Direct Acceleration at Sites of Magnetic Reconnection
Yuri E. Litvinenko
University of New Hampshire, Durham, New Hampshire, USA
Electric fields induced by the changing magnetic field at sites of magnetic
reconnection can efficiently accelerate charged particles in the solar corona.
This review begins with estimates for the electric field magnitude in flare
models and presents some of the theoretical results for the electron and
proton acceleration in reconnecting current sheets in solar flares.
Particular emphasis is placed on models for collisionless
acceleration in a large-scale reconnecting current sheet with a nonzero
magnetic field and a highly super-Dreicer electric field of order a few V/cm.
Particle orbits in model current sheets are discussed using an approximate
analytical approach that allows one to identify the effects of both the
electric and magnetic field components on the particle motion.

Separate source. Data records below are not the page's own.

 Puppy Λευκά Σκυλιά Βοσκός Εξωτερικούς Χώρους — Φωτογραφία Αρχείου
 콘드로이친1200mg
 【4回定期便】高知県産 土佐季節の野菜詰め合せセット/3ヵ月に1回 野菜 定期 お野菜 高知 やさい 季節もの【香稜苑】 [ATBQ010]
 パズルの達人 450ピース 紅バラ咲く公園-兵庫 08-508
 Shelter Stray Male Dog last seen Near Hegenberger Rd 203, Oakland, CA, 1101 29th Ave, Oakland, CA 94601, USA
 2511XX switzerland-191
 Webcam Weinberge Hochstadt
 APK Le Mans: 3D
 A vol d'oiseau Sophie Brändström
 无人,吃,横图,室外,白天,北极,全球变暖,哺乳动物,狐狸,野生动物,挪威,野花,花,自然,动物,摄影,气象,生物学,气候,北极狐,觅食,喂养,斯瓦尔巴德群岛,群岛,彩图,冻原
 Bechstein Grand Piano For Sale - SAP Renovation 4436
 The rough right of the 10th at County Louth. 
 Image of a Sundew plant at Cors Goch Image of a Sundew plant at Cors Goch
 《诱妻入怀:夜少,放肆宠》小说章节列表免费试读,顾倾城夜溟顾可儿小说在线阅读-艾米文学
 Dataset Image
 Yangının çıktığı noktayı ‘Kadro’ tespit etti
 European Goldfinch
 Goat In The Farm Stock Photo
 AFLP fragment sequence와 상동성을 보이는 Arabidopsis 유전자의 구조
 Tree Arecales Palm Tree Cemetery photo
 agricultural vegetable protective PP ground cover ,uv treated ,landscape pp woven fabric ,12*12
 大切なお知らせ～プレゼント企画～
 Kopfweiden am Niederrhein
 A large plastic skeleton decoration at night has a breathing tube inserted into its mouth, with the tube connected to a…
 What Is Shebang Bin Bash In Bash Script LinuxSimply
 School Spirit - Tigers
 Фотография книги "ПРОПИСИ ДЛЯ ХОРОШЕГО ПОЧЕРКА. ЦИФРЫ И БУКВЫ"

Formulas for the particle energy gains and acceleration times are presented.
The question of self-consistency between the current sheet particle motion
and fields is also addressed. Given a super-Dreicer electric field in
the sheet, it is the magnetic field structure in the sheet that determines
both the electron to proton ratio for the accelerated particles and their
typical energies and spectra. The analytical results form the basis for the
electric field acceleration models in solar flares.
In particular, physical conditions can be identified that lead to either
flares in which electrons primarily generate hard X-rays in the energy range
of tens of keV or flares with unusually large electron fluxes at gamma-ray
energies extending up to a few tens of MeV.